Exercise objective:
In the listing that follows, count each line where the word "Traverse" appears; write nothing but the count.

··· Supplied data

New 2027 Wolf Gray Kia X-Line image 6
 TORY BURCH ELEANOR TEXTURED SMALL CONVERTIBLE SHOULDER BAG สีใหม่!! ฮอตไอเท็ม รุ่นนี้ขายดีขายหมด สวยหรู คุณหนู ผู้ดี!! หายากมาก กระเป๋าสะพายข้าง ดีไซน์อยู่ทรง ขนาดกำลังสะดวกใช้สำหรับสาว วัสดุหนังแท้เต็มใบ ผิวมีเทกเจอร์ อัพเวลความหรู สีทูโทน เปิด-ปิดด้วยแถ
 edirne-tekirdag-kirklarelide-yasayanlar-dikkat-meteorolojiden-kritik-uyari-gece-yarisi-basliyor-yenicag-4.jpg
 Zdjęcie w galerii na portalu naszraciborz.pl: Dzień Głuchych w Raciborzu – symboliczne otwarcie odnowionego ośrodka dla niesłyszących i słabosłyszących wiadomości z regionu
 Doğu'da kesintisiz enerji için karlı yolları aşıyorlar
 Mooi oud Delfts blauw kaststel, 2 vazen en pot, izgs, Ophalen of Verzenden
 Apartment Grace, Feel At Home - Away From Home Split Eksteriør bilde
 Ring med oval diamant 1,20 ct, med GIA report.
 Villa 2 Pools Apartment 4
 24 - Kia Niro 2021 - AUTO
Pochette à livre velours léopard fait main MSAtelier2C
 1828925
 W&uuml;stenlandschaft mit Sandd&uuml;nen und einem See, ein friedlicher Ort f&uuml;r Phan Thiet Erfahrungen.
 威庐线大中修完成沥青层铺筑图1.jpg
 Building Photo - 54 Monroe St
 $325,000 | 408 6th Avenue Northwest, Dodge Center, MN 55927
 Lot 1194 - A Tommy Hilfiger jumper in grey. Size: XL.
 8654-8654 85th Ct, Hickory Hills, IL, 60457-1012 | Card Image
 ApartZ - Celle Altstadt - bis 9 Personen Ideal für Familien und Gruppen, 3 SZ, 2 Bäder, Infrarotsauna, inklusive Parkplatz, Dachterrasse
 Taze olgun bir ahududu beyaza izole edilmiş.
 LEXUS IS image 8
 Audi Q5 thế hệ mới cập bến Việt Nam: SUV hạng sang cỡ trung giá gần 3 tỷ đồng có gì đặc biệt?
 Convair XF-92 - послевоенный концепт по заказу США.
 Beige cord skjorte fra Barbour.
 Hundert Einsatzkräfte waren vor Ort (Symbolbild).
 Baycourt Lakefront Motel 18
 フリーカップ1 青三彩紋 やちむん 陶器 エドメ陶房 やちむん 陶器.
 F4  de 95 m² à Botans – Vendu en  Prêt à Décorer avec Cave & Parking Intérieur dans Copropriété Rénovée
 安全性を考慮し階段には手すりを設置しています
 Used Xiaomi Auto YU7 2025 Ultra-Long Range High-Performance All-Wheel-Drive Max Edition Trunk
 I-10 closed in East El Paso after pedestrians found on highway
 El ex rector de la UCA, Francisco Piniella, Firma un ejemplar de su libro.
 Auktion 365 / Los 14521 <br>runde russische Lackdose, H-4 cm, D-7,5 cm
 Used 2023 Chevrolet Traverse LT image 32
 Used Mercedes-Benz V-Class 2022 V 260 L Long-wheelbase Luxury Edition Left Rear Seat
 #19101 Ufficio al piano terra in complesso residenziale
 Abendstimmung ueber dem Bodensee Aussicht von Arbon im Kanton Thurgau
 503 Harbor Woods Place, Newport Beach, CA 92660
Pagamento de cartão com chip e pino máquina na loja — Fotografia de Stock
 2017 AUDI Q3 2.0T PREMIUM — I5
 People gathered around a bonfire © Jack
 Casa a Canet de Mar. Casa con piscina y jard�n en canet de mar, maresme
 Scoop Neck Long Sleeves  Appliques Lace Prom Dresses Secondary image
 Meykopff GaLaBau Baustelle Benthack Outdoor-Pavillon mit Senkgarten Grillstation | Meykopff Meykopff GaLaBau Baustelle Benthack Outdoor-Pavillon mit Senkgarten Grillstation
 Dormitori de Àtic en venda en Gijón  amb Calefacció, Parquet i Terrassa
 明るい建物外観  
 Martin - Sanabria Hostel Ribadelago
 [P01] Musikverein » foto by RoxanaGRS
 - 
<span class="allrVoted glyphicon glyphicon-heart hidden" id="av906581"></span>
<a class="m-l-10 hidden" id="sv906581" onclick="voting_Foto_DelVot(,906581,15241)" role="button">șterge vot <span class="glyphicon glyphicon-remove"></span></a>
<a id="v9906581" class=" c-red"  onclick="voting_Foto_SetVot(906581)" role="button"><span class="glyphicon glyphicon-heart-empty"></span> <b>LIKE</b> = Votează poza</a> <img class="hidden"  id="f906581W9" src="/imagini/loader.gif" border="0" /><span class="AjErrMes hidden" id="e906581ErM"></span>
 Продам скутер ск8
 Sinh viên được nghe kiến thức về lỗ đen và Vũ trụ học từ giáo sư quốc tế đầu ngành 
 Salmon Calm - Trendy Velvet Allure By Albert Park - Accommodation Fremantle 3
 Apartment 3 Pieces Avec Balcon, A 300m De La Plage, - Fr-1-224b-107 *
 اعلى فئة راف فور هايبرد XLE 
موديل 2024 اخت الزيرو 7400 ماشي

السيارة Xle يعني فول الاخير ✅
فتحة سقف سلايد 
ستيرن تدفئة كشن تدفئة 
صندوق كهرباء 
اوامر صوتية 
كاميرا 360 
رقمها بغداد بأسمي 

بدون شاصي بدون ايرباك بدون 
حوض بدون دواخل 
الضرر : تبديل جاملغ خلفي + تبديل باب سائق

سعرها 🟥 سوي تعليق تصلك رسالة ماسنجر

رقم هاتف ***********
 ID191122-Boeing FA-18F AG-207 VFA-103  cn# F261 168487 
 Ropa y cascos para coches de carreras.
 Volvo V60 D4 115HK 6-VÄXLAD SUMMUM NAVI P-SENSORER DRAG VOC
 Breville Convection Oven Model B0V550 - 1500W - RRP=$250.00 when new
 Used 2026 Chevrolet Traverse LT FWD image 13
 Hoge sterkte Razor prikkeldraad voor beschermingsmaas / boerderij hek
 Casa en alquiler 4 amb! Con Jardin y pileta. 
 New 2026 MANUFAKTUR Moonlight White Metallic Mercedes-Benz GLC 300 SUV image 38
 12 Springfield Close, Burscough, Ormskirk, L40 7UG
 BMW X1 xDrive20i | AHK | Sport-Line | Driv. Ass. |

······

Response to this exercise:
2